More than a Trump needed to win

There is much with which I agree in the analysis by Daran Hill over at WalesHome of the One Wales coalition. There are one or two aspects of the history of the coalition negotiations on which my take would be slightly different, but that's a matter for another time.

There are, however, two other factors which I'd add to his list – even if that spoils the little mnemonic.

The first is 'Preparation'. I don't think any of the parties, let alone the public, were properly prepared for the negotiations in 2007. Certainly, I know that Plaid had not adequately discussed the question; and my perception throughout the process was that the other parties hadn't really done so either.

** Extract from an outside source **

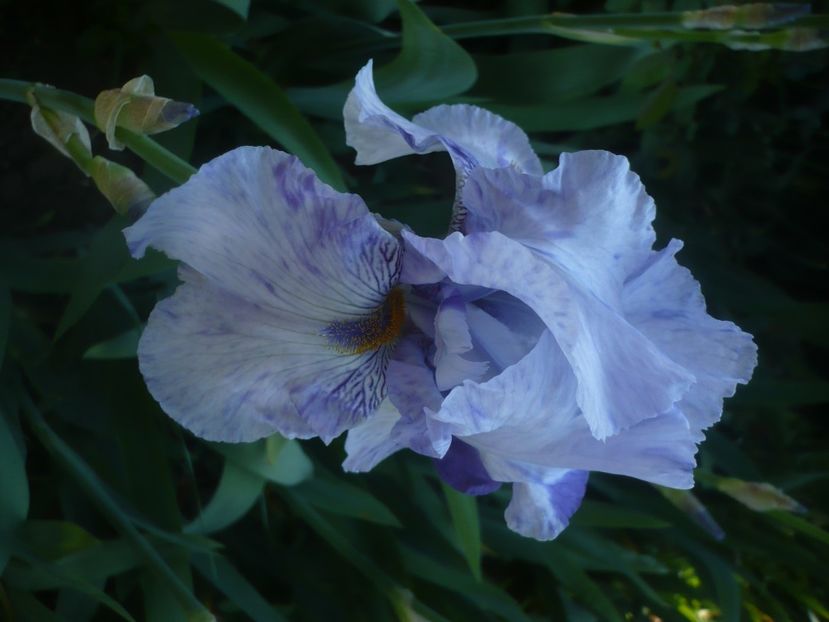 P1470941 - GRADINA 2021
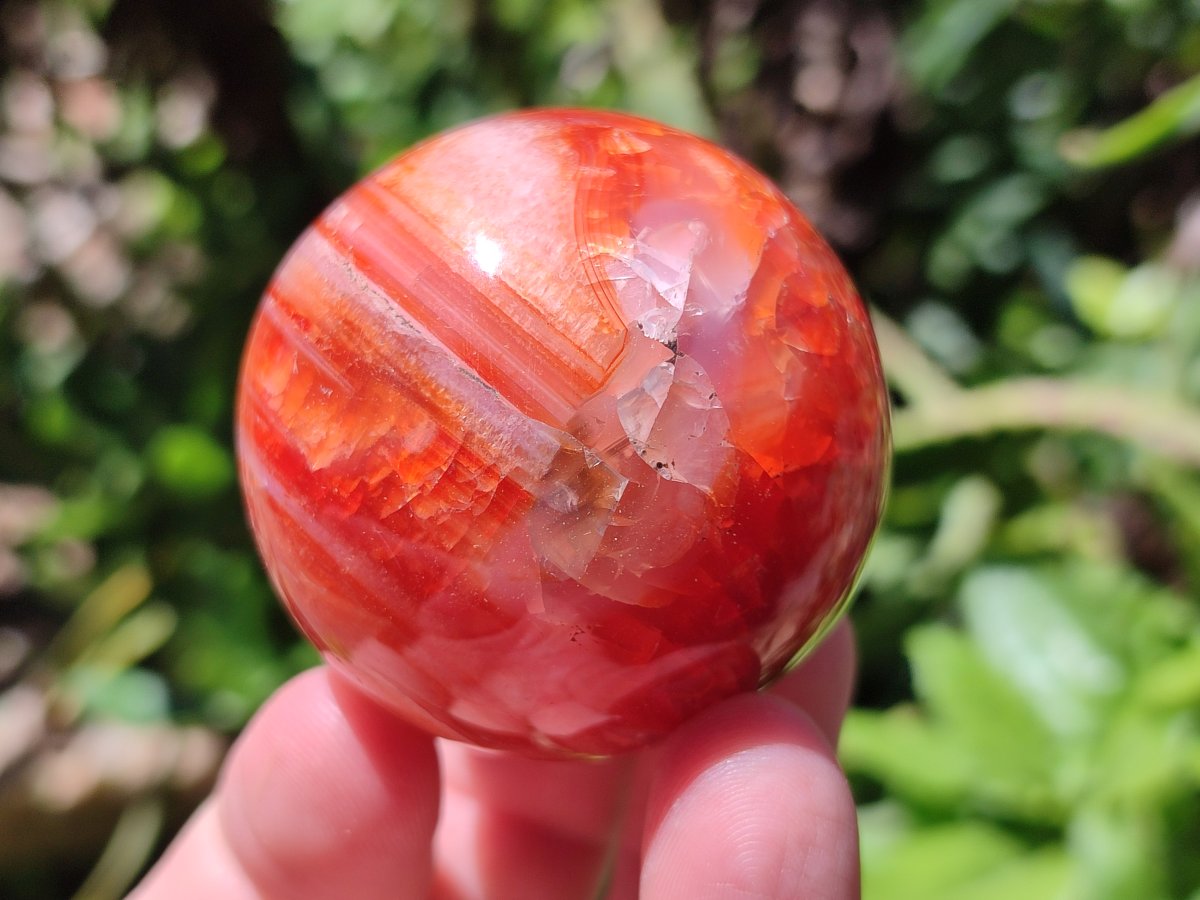 Polished Carnelian Agate Gemstone Spheres x 8 From Madagascar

We're all far too accustomed to 'British' politics, in which, because it is based on a first past the post system of voting, coalition is an extremely rare beast. We are accustomed to a situation where parties fighting an election can only do so on the basis of an assumption that they are going to win an overall majority – even though, in an Assembly context, we all know that that is a highly unlikely outcome.

The result is that none of us were able or willing to spell out clearly to the electorate the extent to which we might be willing - or be forced - to compromise on our manifestoes in practice. It would have meant conceding in advance that we were not expecting to win an outright majority (even though everyone knew that anyway). It won't be easy to change that approach, but if we are to be more honest with the electorate I think we need to.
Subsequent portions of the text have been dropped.